Словно не вспоминая исступления и преступления минувшей ночи, он обнял жену сзади и прижал к надежности своего тела. Его скрытый запах на миг возродил пьянящие и удушливые воспоминания их спутанного пути порознь. Что ему нужно кроме рабыни? Арвиум в расслабленности человека, который получил давно желаемое, смазанным голосом шептал милости в ее витиевато заплетенные волосы. А Амина не отвечала. Он нахмурился. Не слишком словоохотлива, да еще и остервенела на вид. Несмотря на ее полное ему подчинение, закрепленное всеми сферами нового уклада, в нем вновь зашевелился безотчетный страх перед этой насмешливо-невозмутимой девицей и шаткостью собственного вознесения.
Арвиум давно привык, что за ним ежечасно наблюдают, обзавелся масками и постоянным напряжением, переходящим в подозрительность. Сначала приспешники его раздражали, но потом он проникся их отравляющим влиянием. Он уже и позабыл, откуда в нем взялась эта остервенелая жажда власти и какую цену – в собственное умиротворение – пришлось отдать за эту величественную иллюзию. Шрам раздернутых глаз обратился к Амине, словно отыскивая в ней убежище, разрешение вопроса, хоть обычно ее двойственность запутывала его до такой степени, что заставляла принять решение или идею наотмашь.

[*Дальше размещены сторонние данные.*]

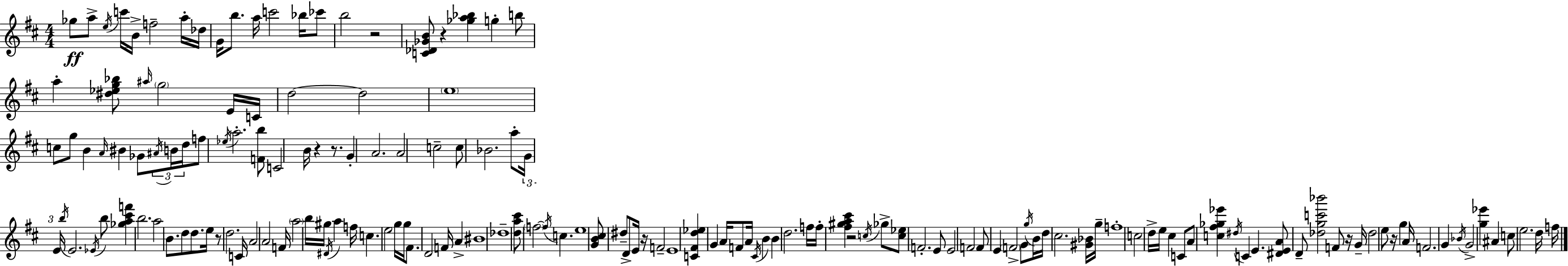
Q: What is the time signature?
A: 4/4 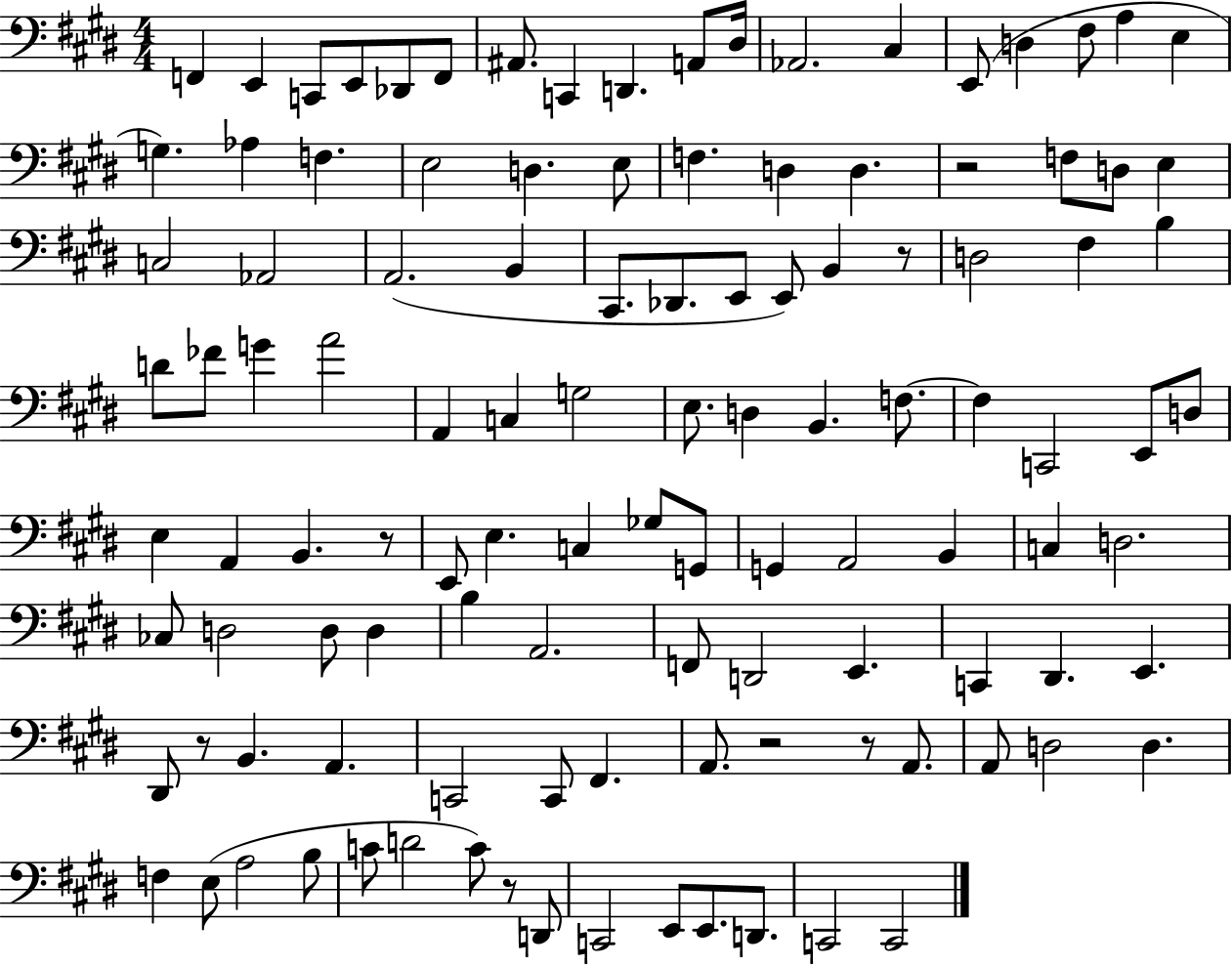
F2/q E2/q C2/e E2/e Db2/e F2/e A#2/e. C2/q D2/q. A2/e D#3/s Ab2/h. C#3/q E2/e D3/q F#3/e A3/q E3/q G3/q. Ab3/q F3/q. E3/h D3/q. E3/e F3/q. D3/q D3/q. R/h F3/e D3/e E3/q C3/h Ab2/h A2/h. B2/q C#2/e. Db2/e. E2/e E2/e B2/q R/e D3/h F#3/q B3/q D4/e FES4/e G4/q A4/h A2/q C3/q G3/h E3/e. D3/q B2/q. F3/e. F3/q C2/h E2/e D3/e E3/q A2/q B2/q. R/e E2/e E3/q. C3/q Gb3/e G2/e G2/q A2/h B2/q C3/q D3/h. CES3/e D3/h D3/e D3/q B3/q A2/h. F2/e D2/h E2/q. C2/q D#2/q. E2/q. D#2/e R/e B2/q. A2/q. C2/h C2/e F#2/q. A2/e. R/h R/e A2/e. A2/e D3/h D3/q. F3/q E3/e A3/h B3/e C4/e D4/h C4/e R/e D2/e C2/h E2/e E2/e. D2/e. C2/h C2/h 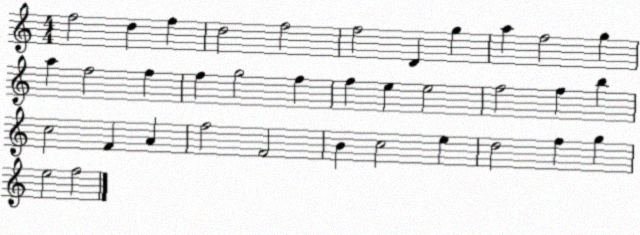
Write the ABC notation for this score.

X:1
T:Untitled
M:4/4
L:1/4
K:C
f2 d f d2 f2 f2 D g a f2 g a f2 f f g2 f f e e2 f2 f b c2 F A f2 F2 B c2 e d2 f g e2 f2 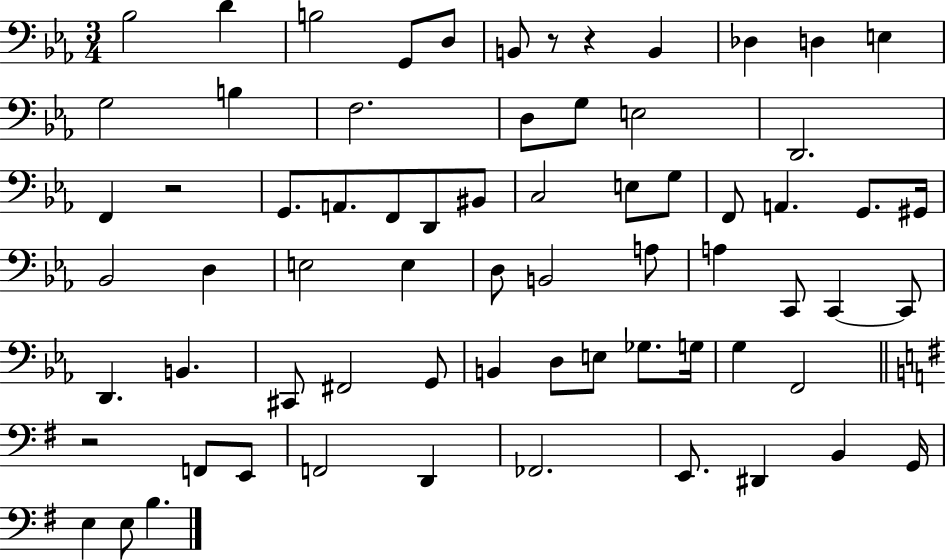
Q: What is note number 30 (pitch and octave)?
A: G#2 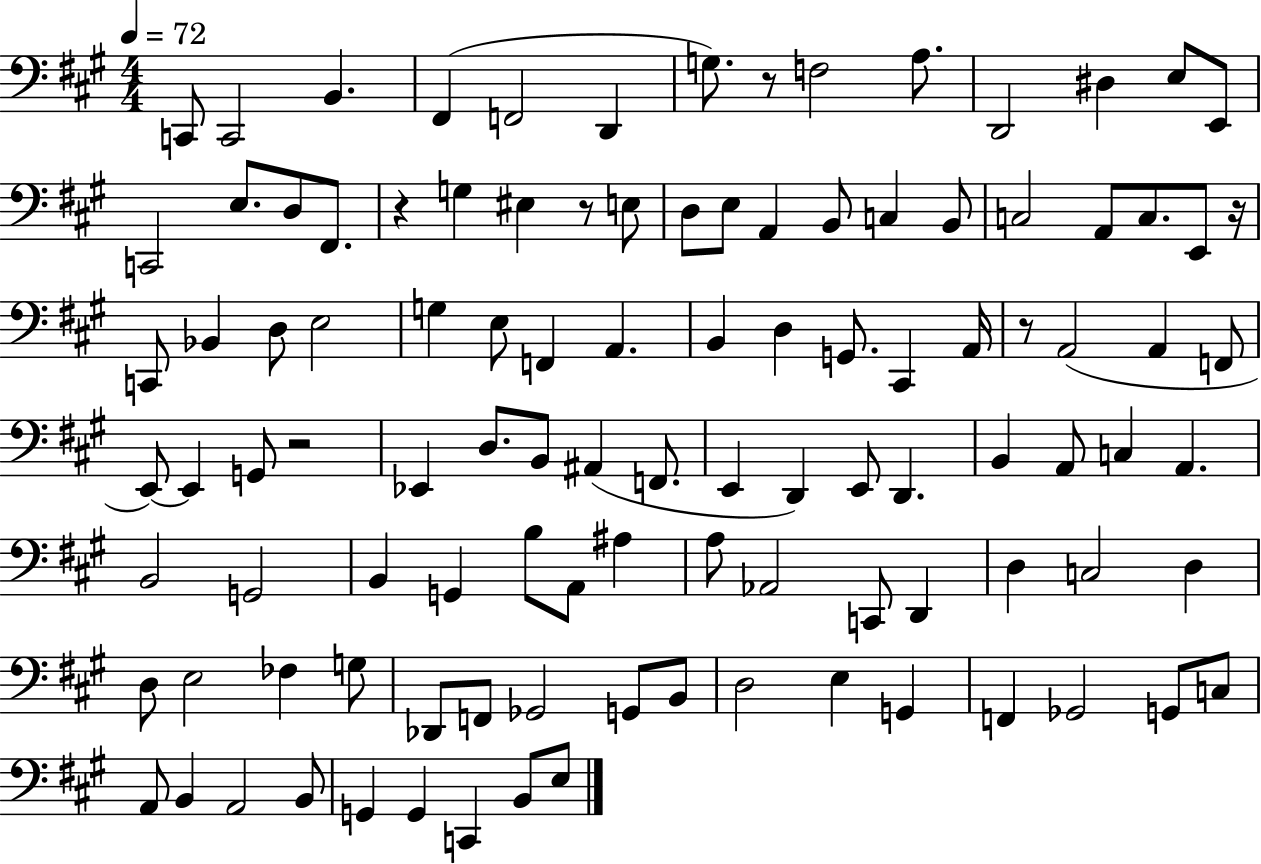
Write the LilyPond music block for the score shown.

{
  \clef bass
  \numericTimeSignature
  \time 4/4
  \key a \major
  \tempo 4 = 72
  c,8 c,2 b,4. | fis,4( f,2 d,4 | g8.) r8 f2 a8. | d,2 dis4 e8 e,8 | \break c,2 e8. d8 fis,8. | r4 g4 eis4 r8 e8 | d8 e8 a,4 b,8 c4 b,8 | c2 a,8 c8. e,8 r16 | \break c,8 bes,4 d8 e2 | g4 e8 f,4 a,4. | b,4 d4 g,8. cis,4 a,16 | r8 a,2( a,4 f,8 | \break e,8~~) e,4 g,8 r2 | ees,4 d8. b,8 ais,4( f,8. | e,4 d,4) e,8 d,4. | b,4 a,8 c4 a,4. | \break b,2 g,2 | b,4 g,4 b8 a,8 ais4 | a8 aes,2 c,8 d,4 | d4 c2 d4 | \break d8 e2 fes4 g8 | des,8 f,8 ges,2 g,8 b,8 | d2 e4 g,4 | f,4 ges,2 g,8 c8 | \break a,8 b,4 a,2 b,8 | g,4 g,4 c,4 b,8 e8 | \bar "|."
} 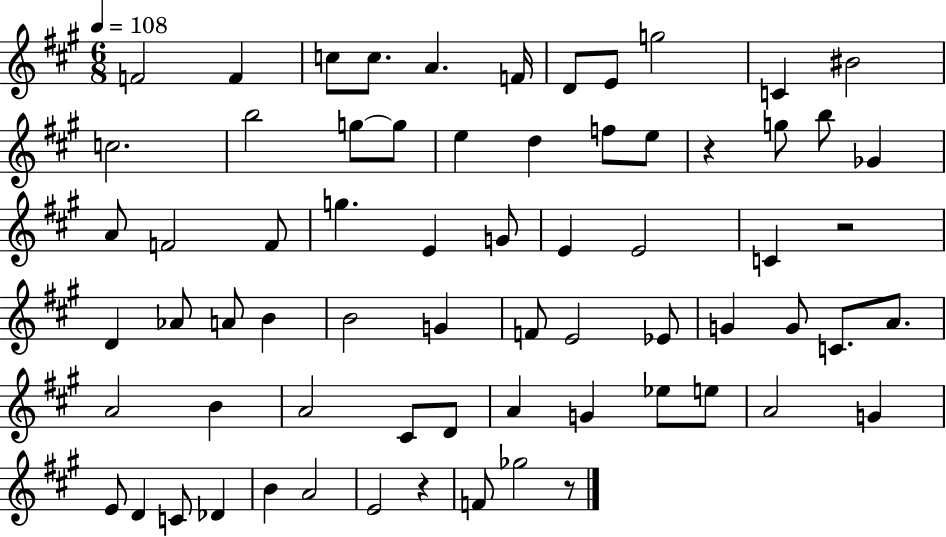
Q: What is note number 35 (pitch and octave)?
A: B4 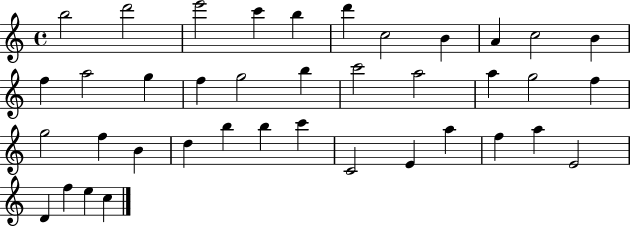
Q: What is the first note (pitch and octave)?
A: B5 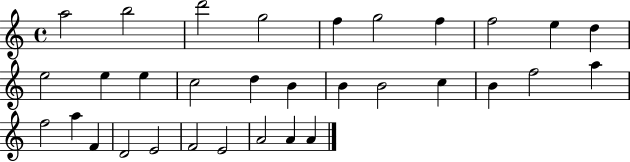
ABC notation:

X:1
T:Untitled
M:4/4
L:1/4
K:C
a2 b2 d'2 g2 f g2 f f2 e d e2 e e c2 d B B B2 c B f2 a f2 a F D2 E2 F2 E2 A2 A A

В этот момент, смотря на прекрасную молодую женщину, освещенную с балкона отсветом солнечного диска, он испытал уставшую тошноту своих действий. Быть может… быть может, власть и вовсе не нужна была ему и тянула в дебри, куда он не стремился попадать. Прежде он отвечал лишь за ратные подвиги и разграбление окрестных селений, по которым проходился, не устанавливая там свой порядок. Он устал, бесконечно устал, как в полдень лета без спасительной сени навесов.
Поражения и борьба за фикцию сломали и так подорванный дух пылкой холодности Арвиума. Путь Сина, растерявшего благо государства и близких, страшил и его преемника.
Амина молчала и смотрела, не ведая о его внутренних терзаниях. Смутно он понимал укор и оборотную ненависть этого взгляда. Но тысячи причин и доводов захлопывали его совесть. Он же победил, значит, его и правда избрали высшие силы.
Арвиум вполне освоился с телом Амины и собственной властью над ней. Могущество его не должно было вызывать нареканий ни у кого, поэтому можно было проявить благородство.
– Я буду заботиться о тебе, – произнес он, будто усмиряя собственный страх ее бунта.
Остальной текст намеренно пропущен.